### Brief
Nothing outside the range is to be copied. From the entries below, reproduce exactly the lines starting at the one with "Muestras gratis de Miltina" and ending at the one with "Mid-Century Bedroom & Bathroom", without pictures.

+ + + +

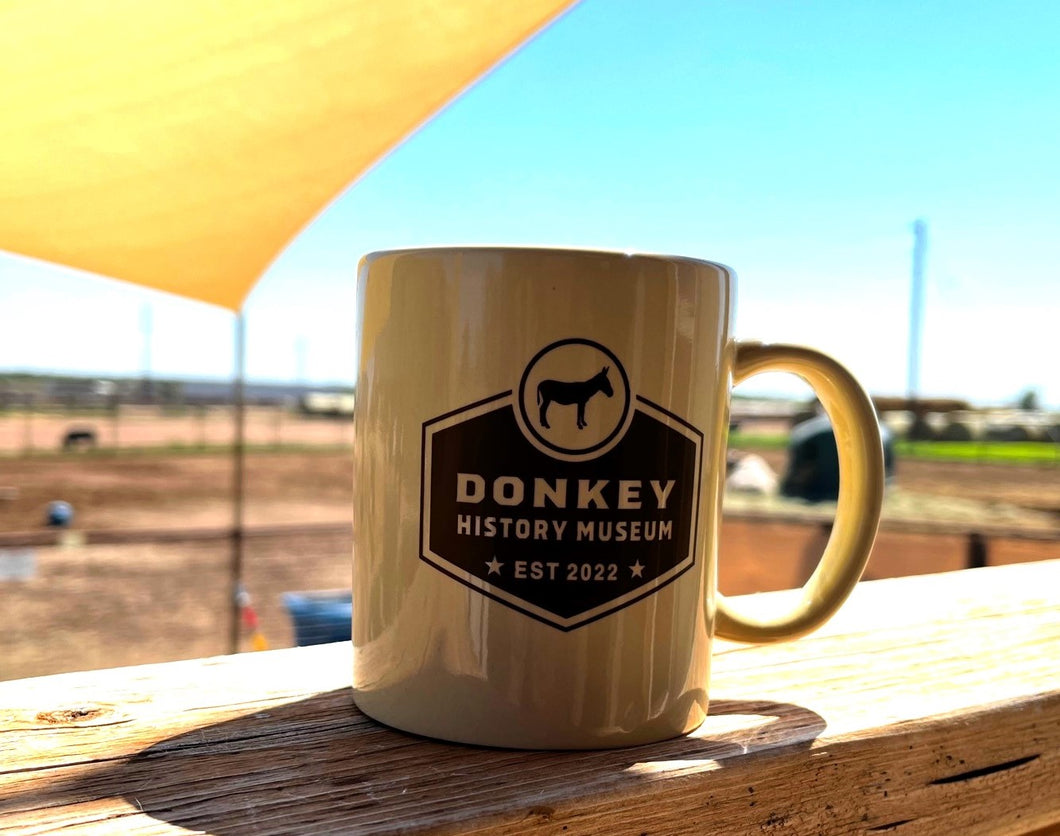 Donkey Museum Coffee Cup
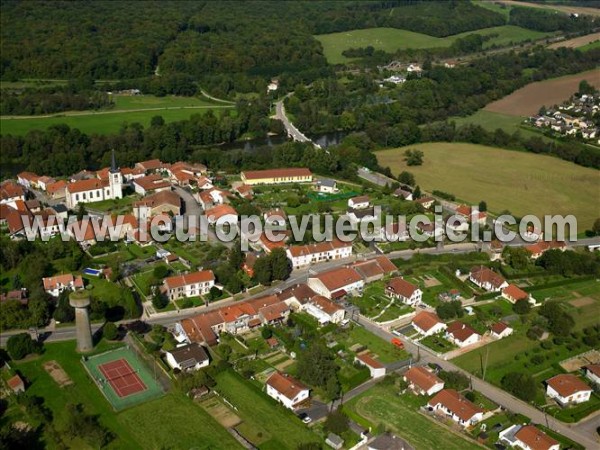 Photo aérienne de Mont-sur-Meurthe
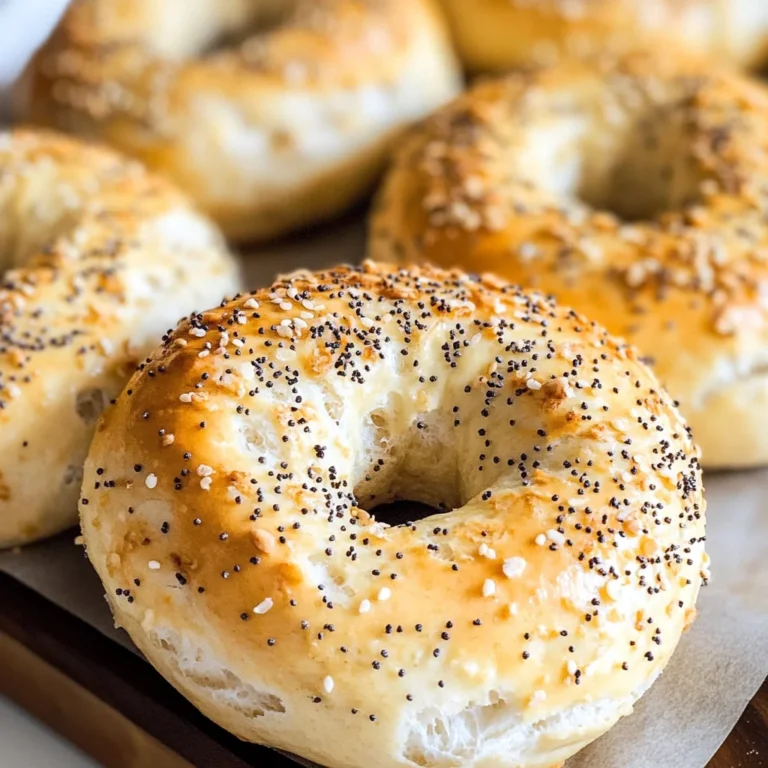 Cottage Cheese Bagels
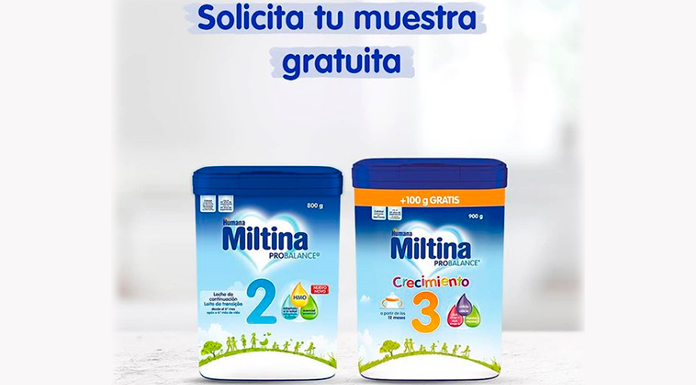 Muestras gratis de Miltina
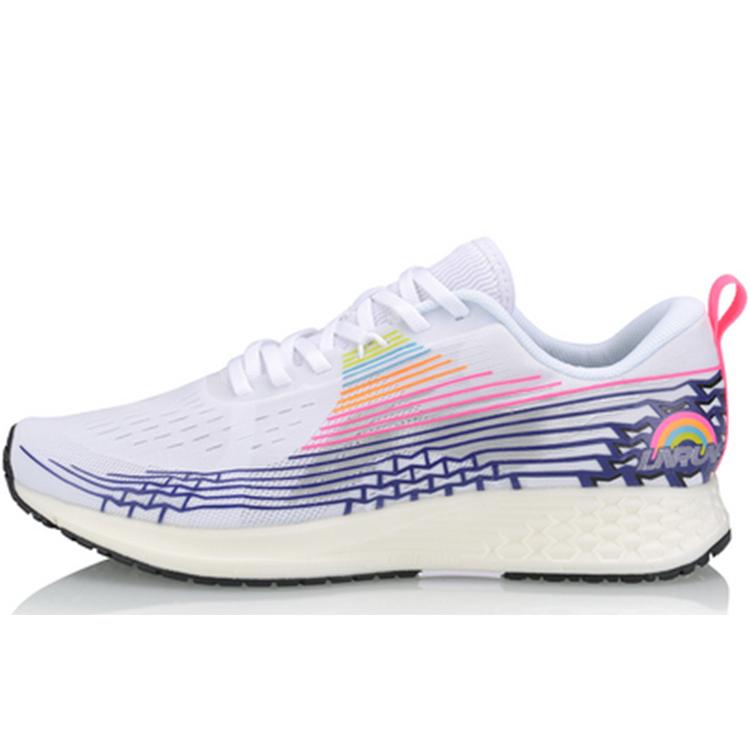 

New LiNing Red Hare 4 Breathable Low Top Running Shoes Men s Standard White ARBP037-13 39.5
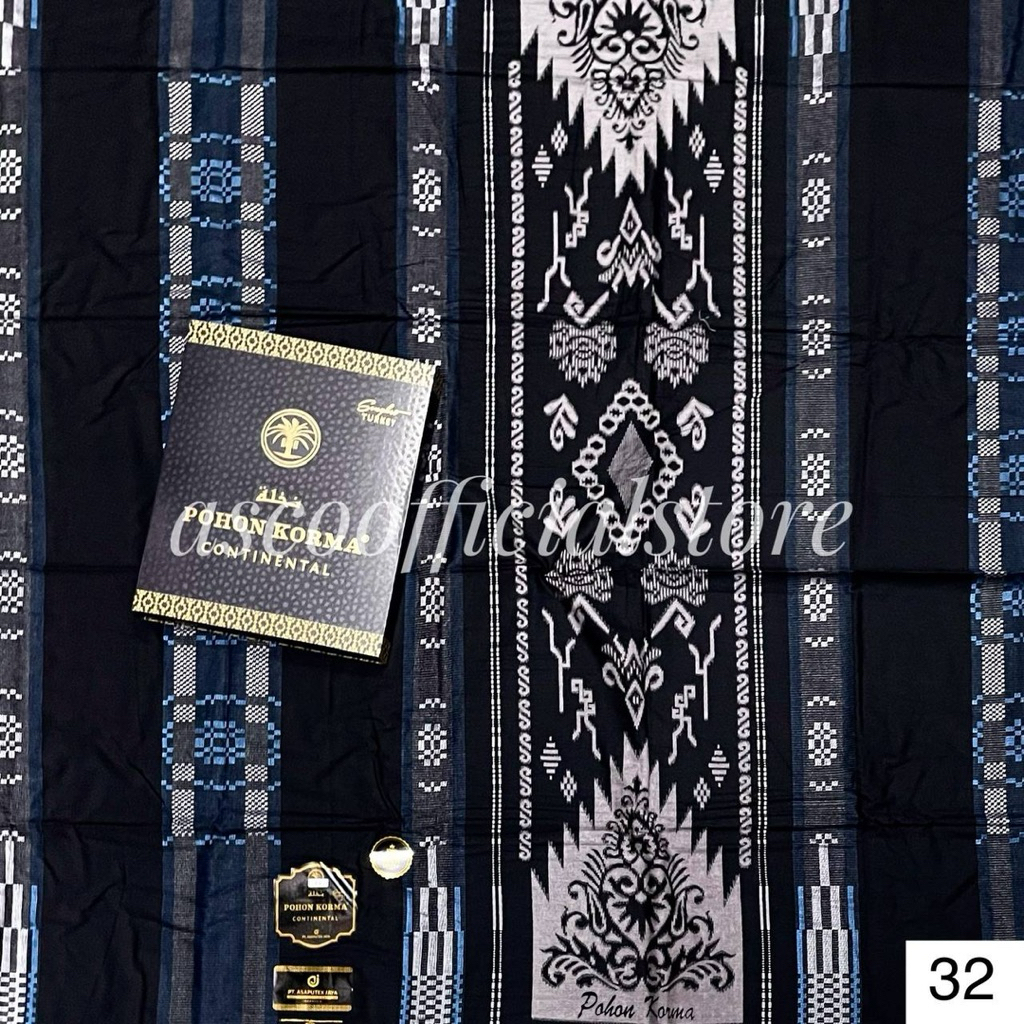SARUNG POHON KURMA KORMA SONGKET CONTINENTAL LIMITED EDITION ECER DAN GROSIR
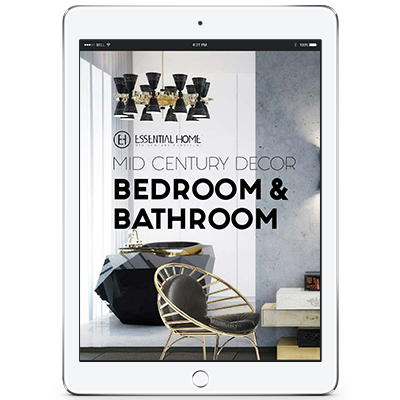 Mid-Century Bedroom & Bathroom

+ + + +

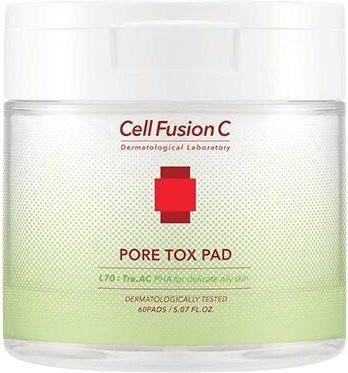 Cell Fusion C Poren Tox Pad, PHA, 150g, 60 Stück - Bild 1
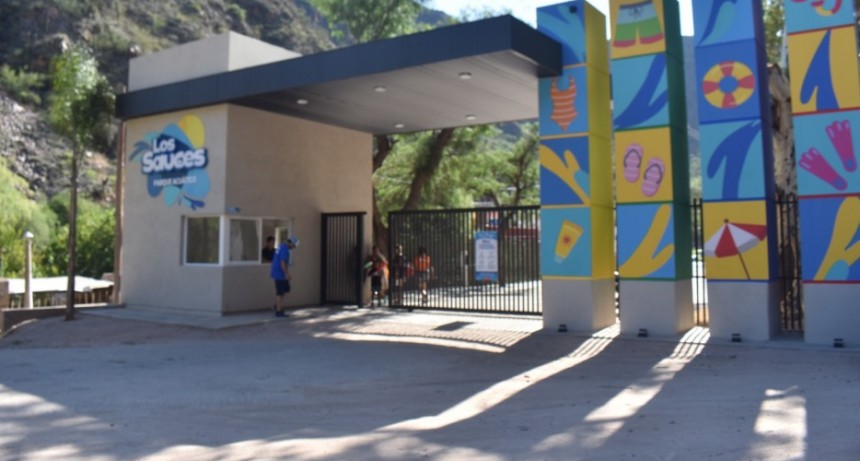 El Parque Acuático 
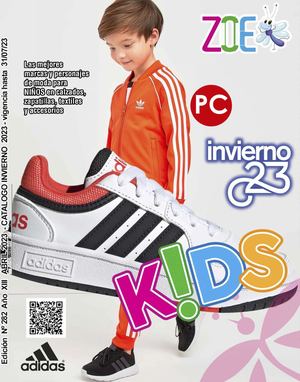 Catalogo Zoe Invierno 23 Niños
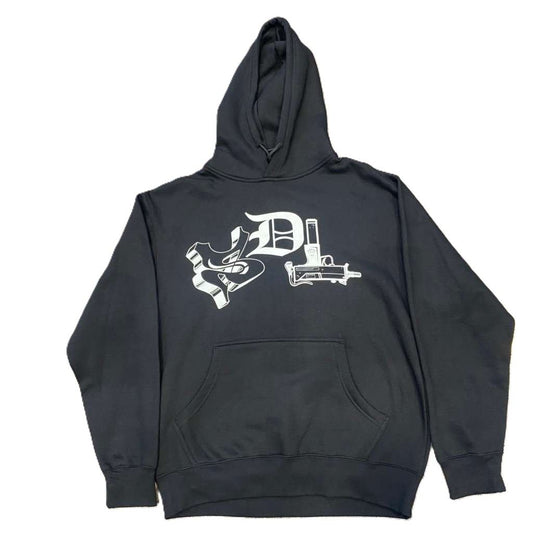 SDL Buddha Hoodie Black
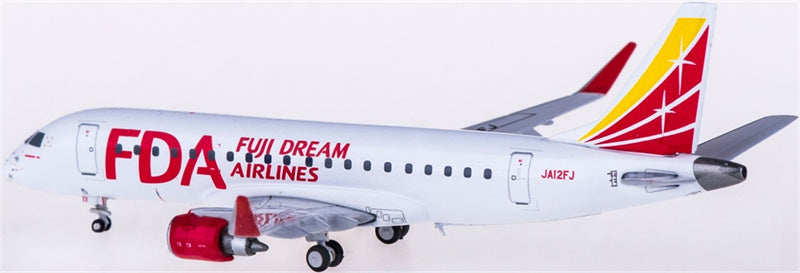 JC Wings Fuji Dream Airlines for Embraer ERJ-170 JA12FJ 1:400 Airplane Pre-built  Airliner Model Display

+ + + +

### Written answer
 Muestras gratis de Miltina

New LiNing Red Hare 4 Breathable Low Top Running Shoes Men s Standard White ARBP037-13 39.5
SARUNG POHON KURMA KORMA SONGKET CONTINENTAL LIMITED EDITION ECER DAN GROSIR
 Mid-Century Bedroom & Bathroom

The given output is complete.